Times have changed. Lawyers, especially advocates and judges, have become used to accusations (if increasingly outdated) of being products of middle-class backgrounds and educations that leave them unable to relate with the people with whom they are in daily professional contact.
It was an unusual development, then, when last month some 800 practicing lawyers and retired judges asked the Prime Minister and Home Secretary in a letter to a national newspaper to apologise for “hostile” remarks describing them as “lefties”.
Priti Patel has been accused of putting the lives and safety of lawyers and court staff at risk after branding those defending migrants as “lefties” and “do-gooders” with the chair of the Bar Council claiming she was seeking to “demonise” people carrying out a vital public service.
Roddy Dunlop QC, Dean of Faculty of Advocates added his voice to the debate, making a personal plea to the Prime Minister and the Home Secretary to stop denigrating the profession.
In his letter, Mr Dunlop said that lawyers who acted against the state were simply doing their professional duty.
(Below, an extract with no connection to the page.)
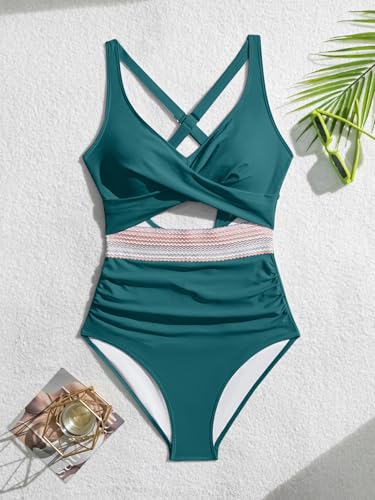 B2prity One Piece Swimsuit for Women Tummy Control V Neck Bathing Suit Color Block High Waisted Cutout Swimwear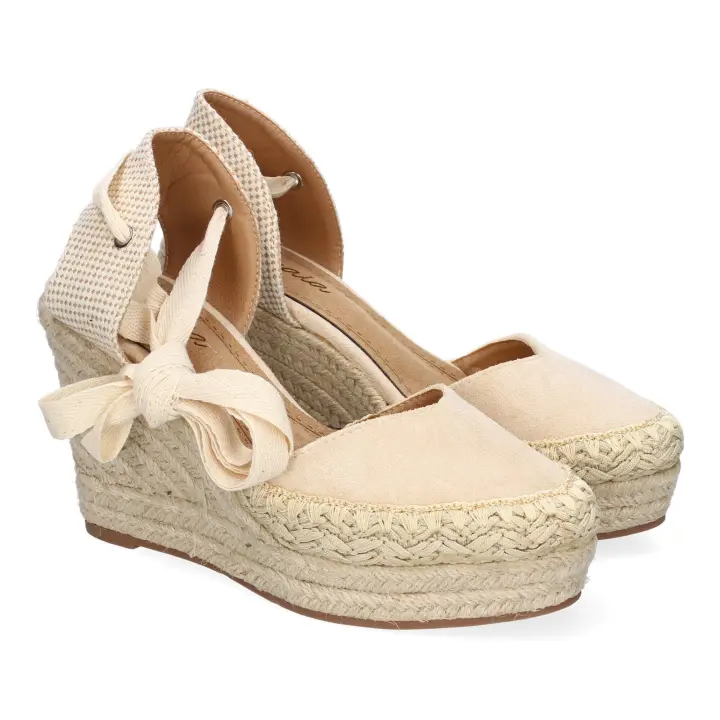 PuntoSalao Sandalias de cuña cómoda en yute para mujer color beige 7Q9 - 1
He noted that, fortunately, instances of violence against lawyers were rare in the UK, unlike in other countries.
“However, in a climate of increasing populism, this sort of rhetoric is not only facile and offensive, it is potentially harmful. With great power comes great responsibility, and I have to say – with great respect – that I simply cannot fathom why it is thought in any way appropriate to attempt to vilify, in public, those that are simply doing their job, in accordance with the rule of law,” said Mr Dunlop.
“I would accordingly, and again with great respect, ask each of you to eschew such unhelpful language, and to recognise that challenges to the executive are a necessary part of our democracy. Anything less would be a confession that we no longer live in a democracy,” he said.